I’m talking about the recent change southern Connecticut made to their phone numbers.  Beginning on November 14th, customers in the 203 area code became required to use the area code, 203, before all calls within the 203, whether local or long distance.

Now I know what I said makes no sense, so let me explain for those of you who don’t live here.

203 has always been a pretty conflicted area code with serious identity issues. Sometimes it’s local, sometimes it’s long distance. And there’s really no way to know which is which, because it’s not just based on where the recipient is located. In fact, sometimes it’s both at the same time. I have clients who have business phones and cell phones, all within the 203 area code, but the cell phones are sometimes local while the business phones are long distance.

Have any of you ever encountered an area code like this?

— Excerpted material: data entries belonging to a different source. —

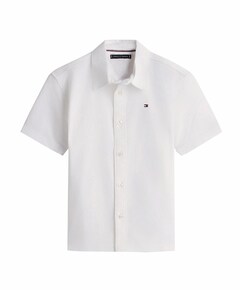 Jongens overhemd korte mouw wit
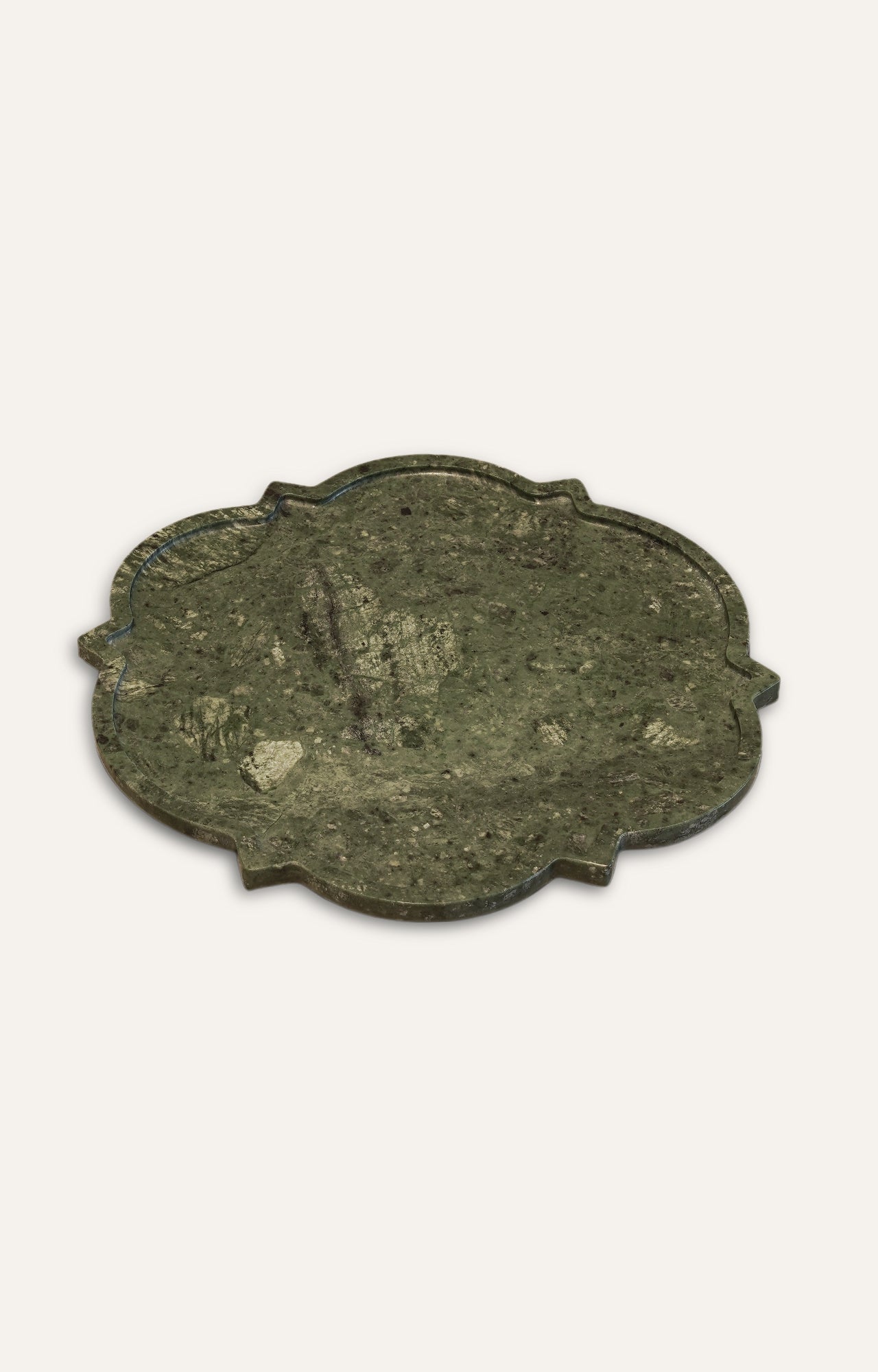 Verdure Green Marble Platter Set (Set of 3)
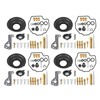 4 Set of Carburetor Repair Kits with Diaphragm Air Cut-off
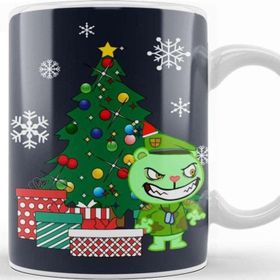 Baskı Dükkanı Flipqy Around The Christmas Tree Happy Tree Friends Kupa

There must be others, although I always thought all the calls within an area code would be local calls. In my experience, living at various times in suburban New York, suburban New Jersey, San Diego, CA and Manhattan, I have never encountered an area code that could be both local and long distance within the area code, and especially within such a small geographic area. (I could understand, for instance, if all of Montana shared an area code that included local and long distance. But Fairfield County, CT? You’ve got to be kidding.)

I’ve lived in Connecticut for 5 years now, and worked here for 10, so I’ve made my uneasy peace with the split personality of the 203.  Besides, the “locals” seemed to take it in stride, chalking up my frustration to my lack of geographic awareness. After all, how could I not know that Weston is a long distance 203 but Wilton is not, and Shelton is long distance from my office, but not from my home 15 miles away.

But this most recent change has the natives up in arms, so that must mean it’s really bad, even by Connecticut standards.

You see, now every call needs to have a 203 put in front of it, but not every call gets a 1 before the 203. And that’s what’s causing the problem.

The reason for the area code change is pretty clear: to accommodate the growing need for more phone numbers, Connecticut is adding a new area code, 475, to the 203 area. You can read the public announcement by the State of Connecticut’s Department of Public Utility Control here.

And the need to use 1 or not to use 1 is also pretty clear: local calls are still local calls. A prefix of 1 denotes long distance. And it matters because there are cost differences between local and long distance, of course. At least on antiquated land line systems.

So, technically, the change is pretty minor, right? In the past, within 203, you dialed 1-203 for long distance, and nothing for local. Now, you dial 1-203 for long distance, and 203 for local.

It should be a pretty simple change to adapt to. And yet it’s got people slamming phones and cursing throughout the day at the those endless, annoying messages:  “We’re sorry. You must dial a 1 and the area code before making this call.” or the dreaded “Hey, Moron, this call cannot be completed as dialed. Do not include a 1 for local calls. What are you, from New York?”

Talk about a frustrating and inescapable customer experience.

Speed dials on office phones have to be reprogrammed. So do faxes. Employee home phone number lists have to be updated, as do personnel records.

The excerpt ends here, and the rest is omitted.